The focuser is also what gives me headaches right now. I have a tube with a lightweight 1.25" R&P focuser for testing purposes more or less ready, but if the objective turns out to be really good (what I hope, of course) I'd like to build a tube with a more substantial focuser, so I can use modern, heavier accesories without problems.
I did some calculations and interestingly enough, you actually need a 2" focuser on it (or at least a M44), if you want the maximum exit pupil with moderately wide-field eyepieces. This is logical, of course, since the f/ratio is 10.4, but it seems counterintuitive, because the scope is so physically small. If you want an AFOV of ~68°, the lowest magnification is 22.5x and the TFOV is 3° with a 2.22mm exit pupil. This is actually WORSE than what the 63/840 can do with a 2" 40mm 68° eyepiece that will yield 21x, 3.24° and a 3mm exit pupil! So if you decide to stay with a 1.25" focuser, you're not getting a wider field than the 63mm and the view is going to be considerably fainter, too. You can brighten the field (enlarging the exit pupil) by using longer focal length eyepieces, for example a 40mm for 13.5x and a 3.7mm exit pupil, but the TFOV is still just 3°. A 2" is going to widen that to 5° at the same power with a 40mm ES68, for example.
Now, the obvious question is of course whether you NEED that extra field. 3° is nothing to sneeze at and hauling the big eyepieces around on a vacation, where you have to travel light, is of course not going to work well - or at all. From home, things might look different, however, especially on deep-sky. On most occasions, 1.25" might be preferable, though, simply because of the weight issues with such a tiny scope.
But finding a quality focuser for a decent price is actually MUCH, MUCH easier if you choose a 2"! I had a very hard time finding a good quality 1.25" focuser. The obvious problem is of course that a 2" crayford or R&P is BIG. I've found a 2" helical focuser that is not much bigger than the M44 helical focuser, but it only has 30mm's of travel, which is short for a refractor and may necessitate an additional drawtube.
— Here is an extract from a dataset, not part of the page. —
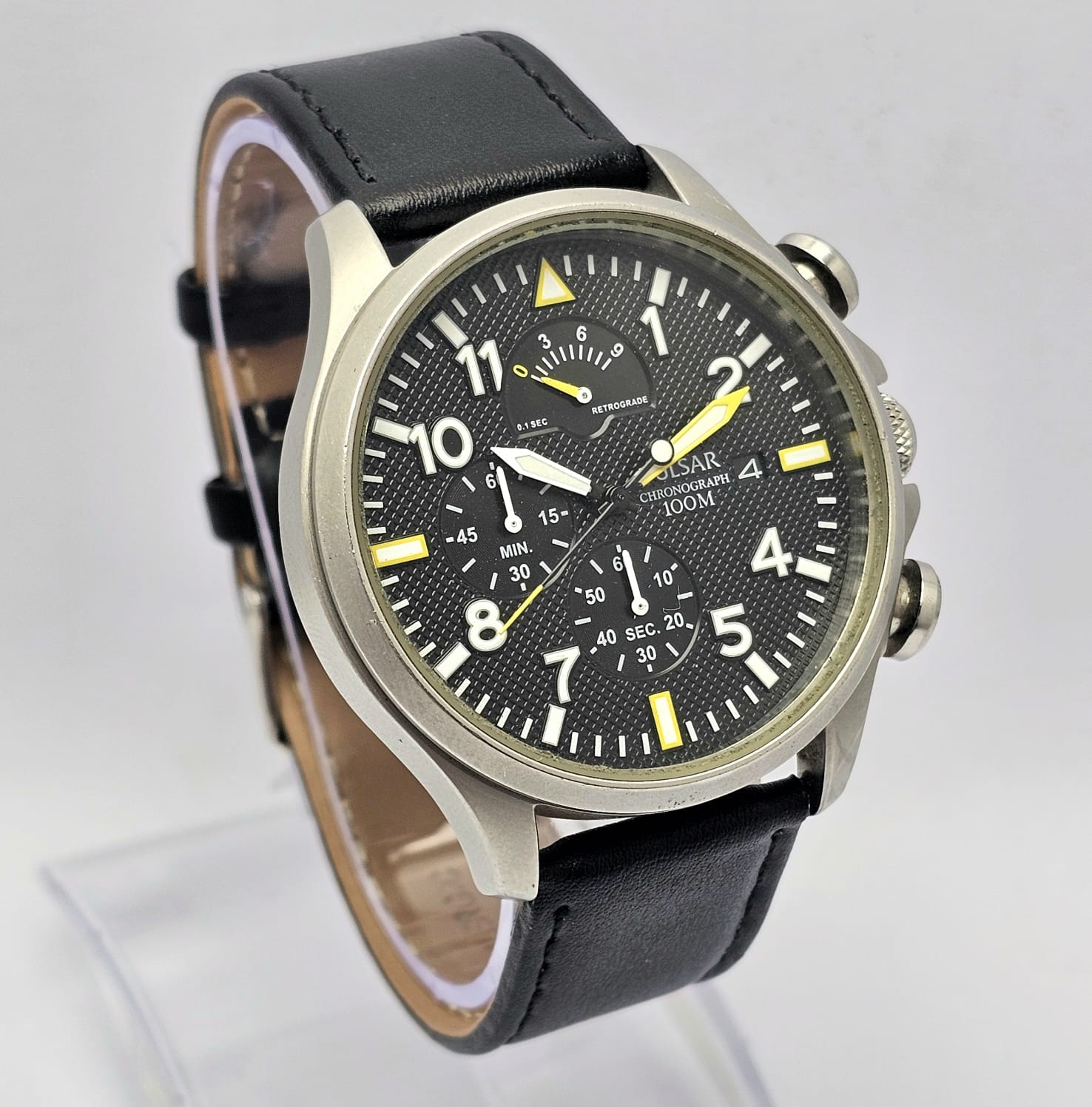Pulsar Chronograph VD50-X019 Quartz Men's Watch - Image 3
Nothing's decided, of course.
And then there's the question of finderscope or not, to further complicate things. Before you say "it's too short to need one", I've actually often found myself wanting one on scopes with even shorter focal length. I'm thinking something like a 4x25 with RACI diagonal. This is because if the scope is used on a low tripod, getting low enough to aim along the scope or use a red dot finder (which I despise, BTW) or a straight through finder can get very awkward or downright impossible.
All of this is merely dreaming and future planning, of course. I do have a more important project right now, which is to get my 125mm f/14 Lichtenknecker up and running.